Social media giants ignore reported antisemitism, digital watchdog warns

International Center for Countering Digital Hate found “serious and systematic failure to tackle antisemitism” by companies including Facebook and TikTok.

The logo of social media giant Facebook. Photo credit: Dominic Lipinski/PA Wire

Antisemitic posts reported to social media companies in accordance with their guidelines are ignored, a leading watchdog has warned.

A report by the International Center for Countering Digital Hate (CCDH) found a “serious and systematic failure to tackle antisemitism” by large social media companies including Facebook, Twitter, Instagram, YouTube and TikTok.

Posts that were reported to the companies included conspiracy theories that blamed Jews for the COVID-19 pandemic or referred to the community as the “Illuminati” or “New World Order”.

It found that “platforms were particularly poor at acting on posts that denied or minimised the Holocaust, with 80 per cent of such posts receiving no enforcement action whatsoever”.

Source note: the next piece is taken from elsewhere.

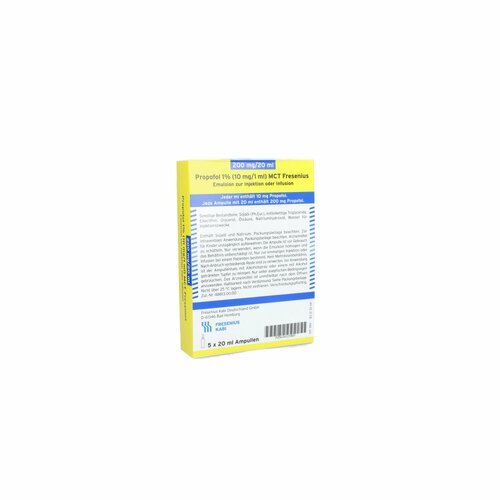 Propofol 1% (10mg/1ml) MCT Fresenius G-Amp., 5x20 ml, Fresenius Kabi Deutschland GmbH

The Board of Deputies said the findings showed that social media companies were “failing” the Jewish community.

The report was based on the failure of big companies to deal with 84 percent of 714 antisemitic posts that were reported to moderators over a six-week period, from the 18 May to 29 June this year.

Anti-Jewish hatred on social media.

The posts, which reached millions of people, were reported to the companies via their official complaints system, according to the CCDH. Despite the reports, the companies failed to either remove the posts or close the accounts in 84 percent of cases.

Facebook acted on just 14 of 129 antisemitic posts (10.9 percent); Twitter acted on 15 of 137 (10.9 percent); TikTok on 22 of 119 (18.5 percent); Instagram on 52 of 277 (18.8 percent); and YouTube on 11 of 52 (21.2 percent)

A Facebook spokesperson told Jewish News: “While we have made progress in fighting antisemitism, our work is never done. These reports do not account for the fact that we have taken action on 15 times the amount of hate speech since 2017, the prevalence of hate speech is decreasing on our platform and of the hate speech we remove, and 97 percent was found before someone reported it to us.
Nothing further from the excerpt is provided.